Zenodo

“Zenodo is at the forefront of making data accessible, so it demonstrates how this can be happening. Through this custom meta data, it opens data to many more users. In this world of FAIR data, custom metadata play a very important role because they allow also machines not only to read text but also to understand it.”

Dr Donat Agosti, who manages the Biodiversity Literature Repository on Zenodo

Strengthening Open Science

Did you know that following the release of scientific results, data is rarely shared between researchers?

Often, it is too big or complex to find a home in traditional publication chains, preventing researchers from drawing the full benefit from the results of public research and leading to a duplication of research efforts and a waste of resources.

It is also often very difficult, at times impossible, to interpret the data without access to the code used to perform the analysis which was published. Free and easy access to research results, data and analysis code – Open Science – is the very heart of the scientific process.

Zenodo was created for this very reason – to make all such information available to everyone so that society can benefit from the results of public research. It enables researchers to deposit data sets, software, workflows, reports, and any other research related digital artifacts.

During the pandemic, for example, Zenodo was crucial in responding to the call by the European Commission to facilitate and synchronise global scientific efforts to stopping the pandemic.

Through Zenodo, any researcher can directly access raw and derived data, facilitating and accelerating scientific collaboration, leading to lower research costs, faster research cycles and ultimately avoiding duplicated primary data collection work.

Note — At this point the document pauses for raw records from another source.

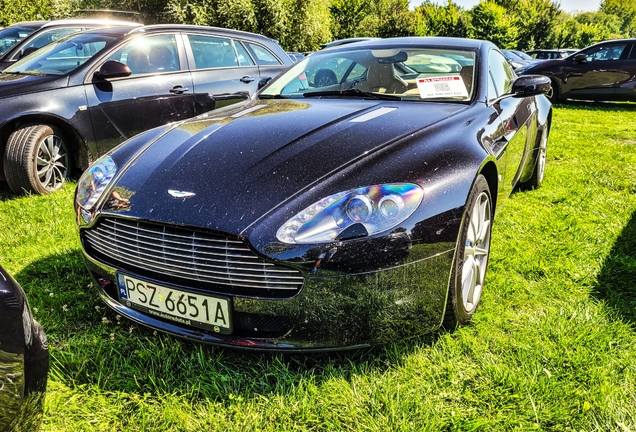 Aston Martin V8 Vantage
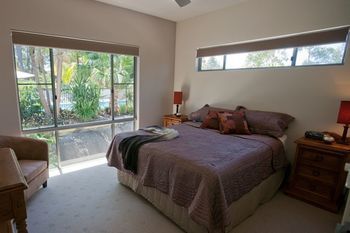 Moonee Beach Executive Retreat - Accommodation Redcliffe 13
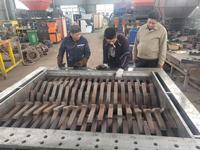 Broyeur de bois industriel Broyeur de palettes de bois avec machine magnétique enlever les clous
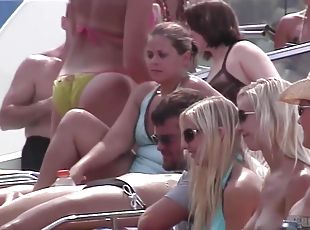 al-aire-libre, fiesta, público, coño-pussy, amateur, lesbiana, sexo-en-grupo, rubia, tetitas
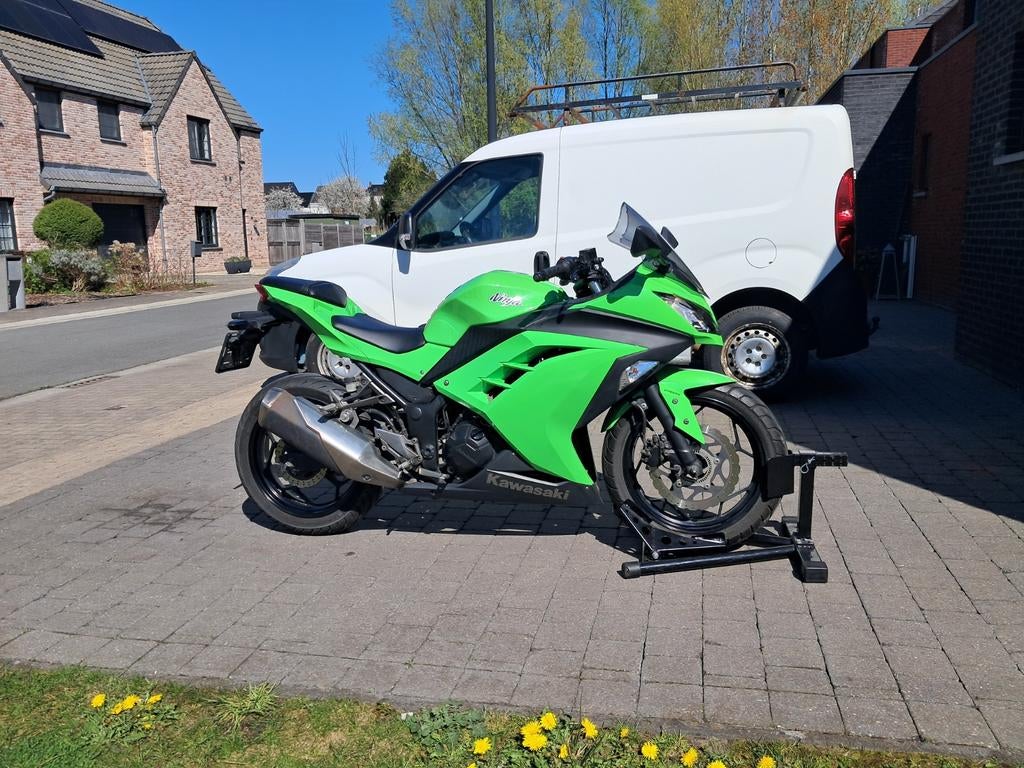 Kawasaki Ninja 300 ABS permis A2, Entreprise, ABS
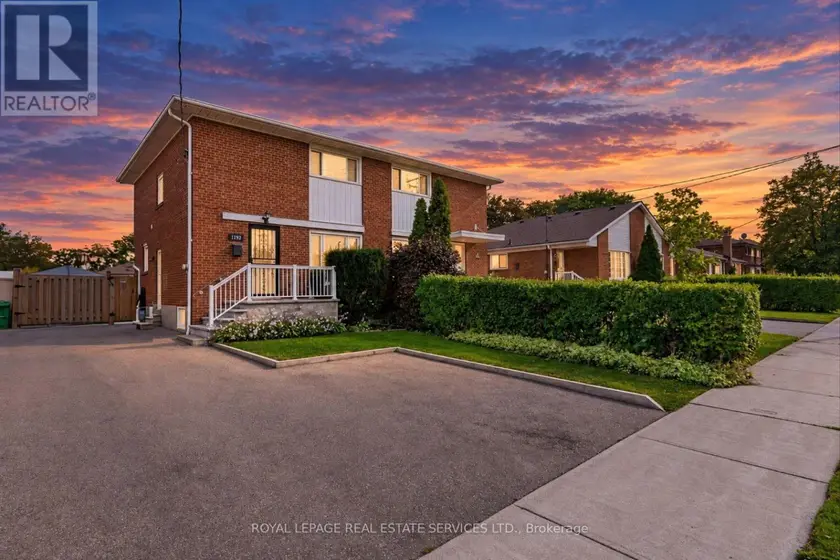 Semi-Detached/Link at 1192 FLAGSHIP DRIVE, Mississauga
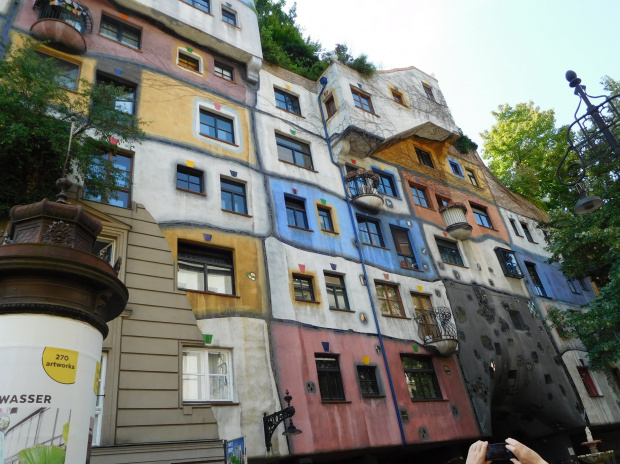 Krzywy dom Hundertwassera w Wiedniu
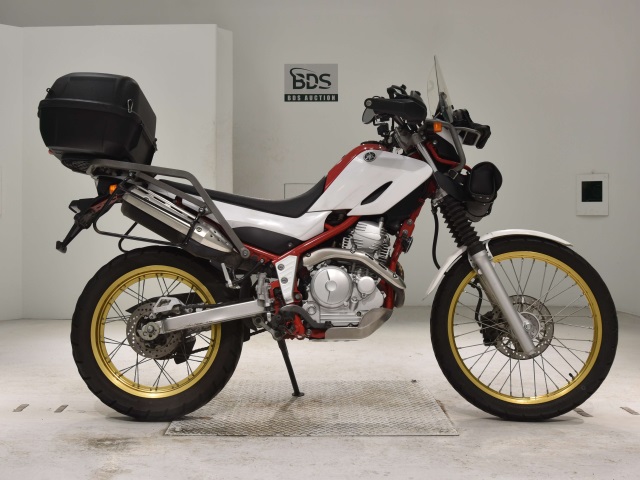 Yamaha SEROW XT250 2021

Zenodo is already capable of accommodating the needs of modest data sets, but this is just a fraction of the overall need for data services in the scientific field. We need your help to expand Zenodo’s features and storage capabilities.

Highlights

  • It supports 300,000+ researchers in 7,500 research organisations across the world. It is recommended by the European Commission for Horizon Europe projects (where open science is mandatory). Zenodo powers the EU Open Research repository, containing 146K records from 13K EU-funded projects.
  • Since its inception in 2004, and up to 2021, Zenodo had accumulated over 45 million unique views and over 55 million unique downloads across all records.
  • In 2021, Zenodo hosted 1 Petabyte of data, equivalent to 500 billion pages of standard printed text which makes it the world’s largest general purpose research repository. A similar platform called Dryad, which is free to access, but “pay to deposit”, costs €129 per record with size up to 5GB, ‚€155 for a record with size between 5GB and 10GB, and €670 per record with size between 10GB and 50GB.